(Extracted records)
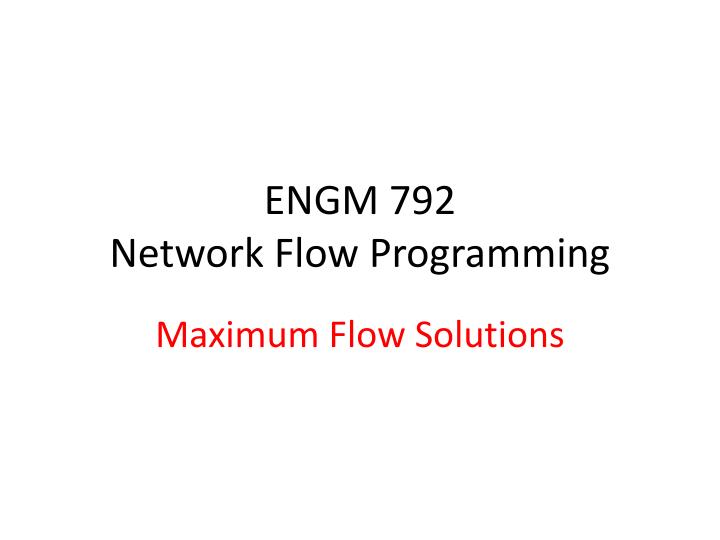 engm 792 network flow programming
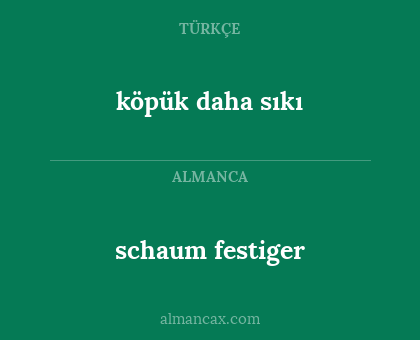 schaum festiger - köpük daha sıkı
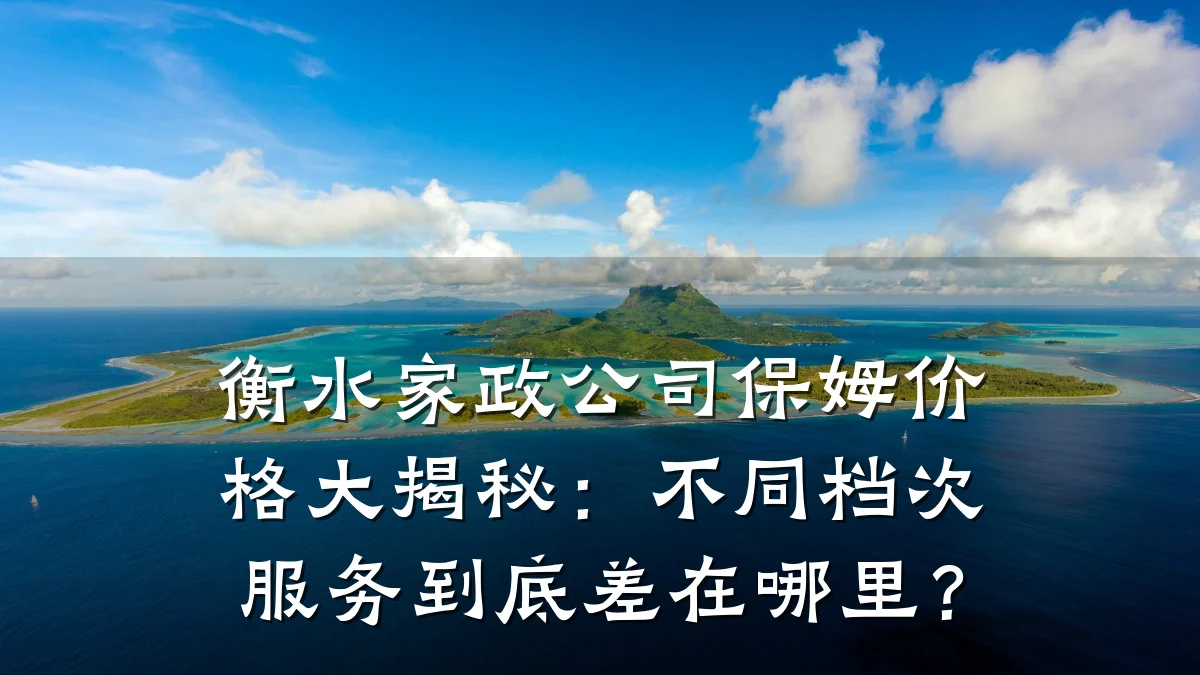 衡水家政公司保姆价格大揭秘:不同档次服务到底差在哪里?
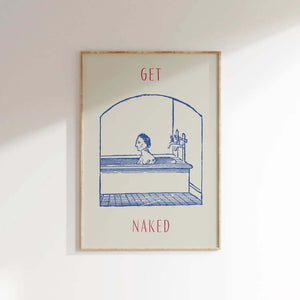 Sjov plakat med teksten "Get Naked" og en blå vintage-illustration af en person i badekar – perfekt til badeværelset.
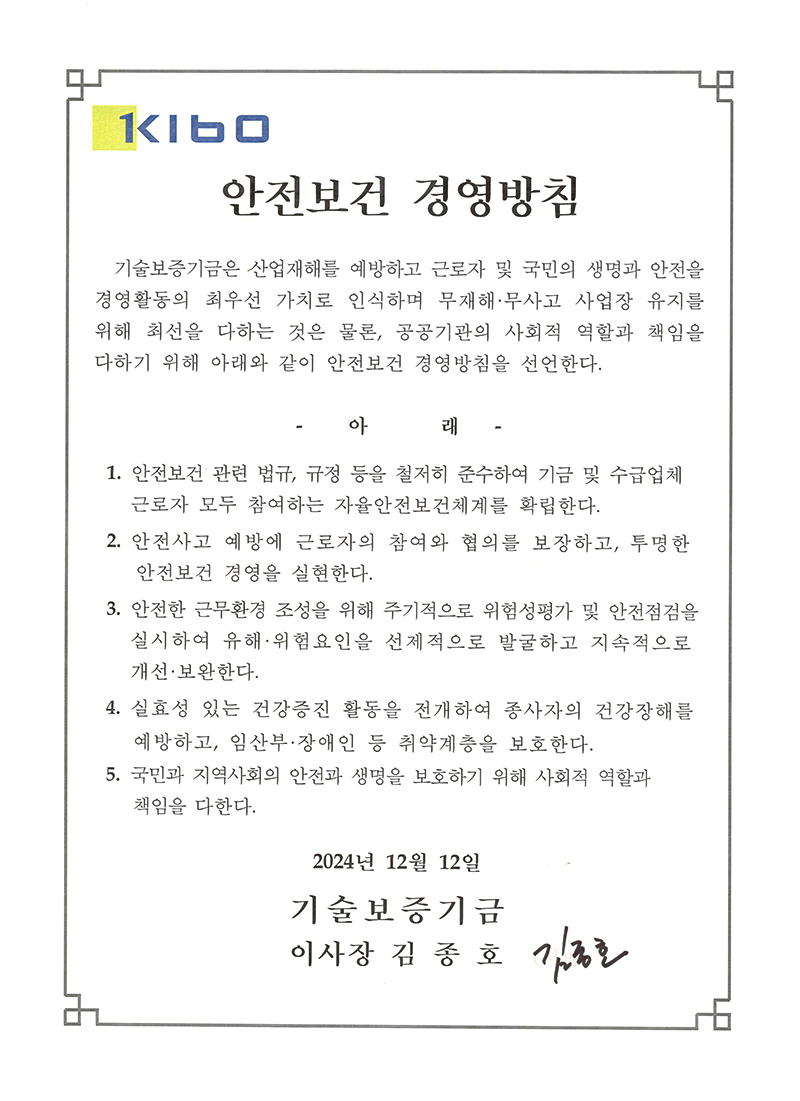 안전보건경영방침 기술보증기금은 산업재해를 예방하고 근로자 및 국민의 생명과 안전을 경영활동의 최우선 가치로 인식하며 무재해 무사고 사업장 유지를 위해 최선을 다하는 것은 물론, 공공기관의 사회적 역할과 책임을 다하기 위해 아래와 같이 안전보건 경영방침을 선언한다.,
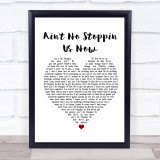 McFadden And Whitehead Ain't No Stoppin Us Now White Heart Song Lyric Print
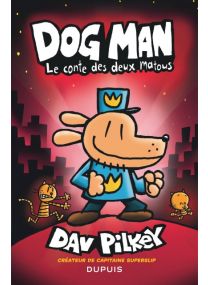 Dog Man : TOME&nbsp;3 - Dupuis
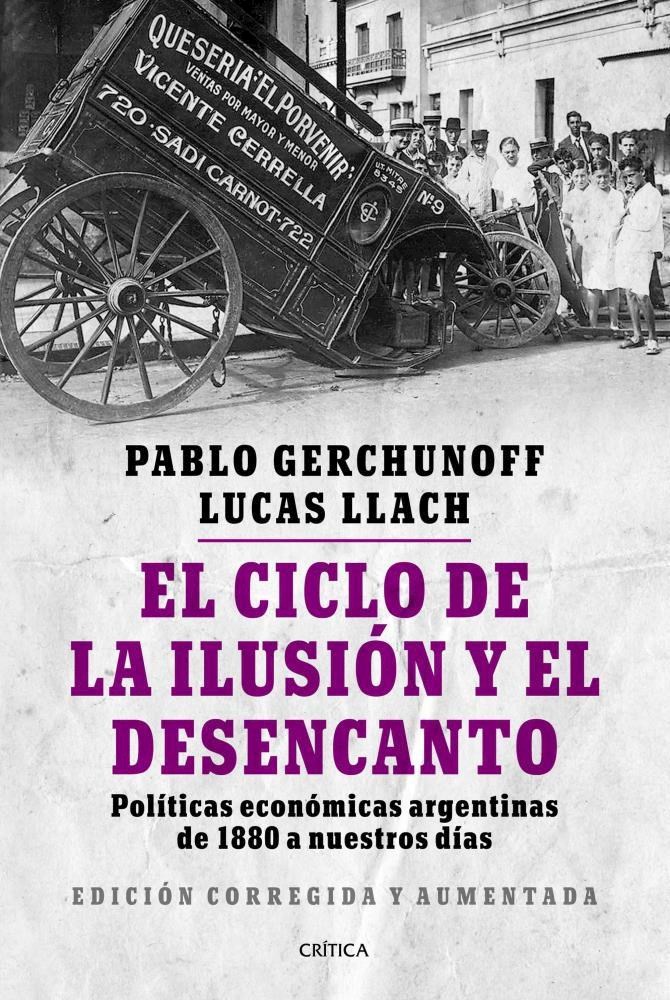 Papel Ciclo De La Ilusion Y El Desencanto , El  ( Edicion Corregida Y Aumentada )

Action item:
The output must be every line of the records, printed exactly, with the pictures omitted.

Exercise answer:
 engm 792 network flow programming
 schaum festiger - köpük daha sıkı
 衡水家政公司保姆价格大揭秘:不同档次服务到底差在哪里?
 Sjov plakat med teksten "Get Naked" og en blå vintage-illustration af en person i badekar – perfekt til badeværelset.
 안전보건경영방침 기술보증기금은 산업재해를 예방하고 근로자 및 국민의 생명과 안전을 경영활동의 최우선 가치로 인식하며 무재해 무사고 사업장 유지를 위해 최선을 다하는 것은 물론, 공공기관의 사회적 역할과 책임을 다하기 위해 아래와 같이 안전보건 경영방침을 선언한다.,
 McFadden And Whitehead Ain't No Stoppin Us Now White Heart Song Lyric Print
 Dog Man : TOME&nbsp;3 - Dupuis
 Papel Ciclo De La Ilusion Y El Desencanto , El  ( Edicion Corregida Y Aumentada )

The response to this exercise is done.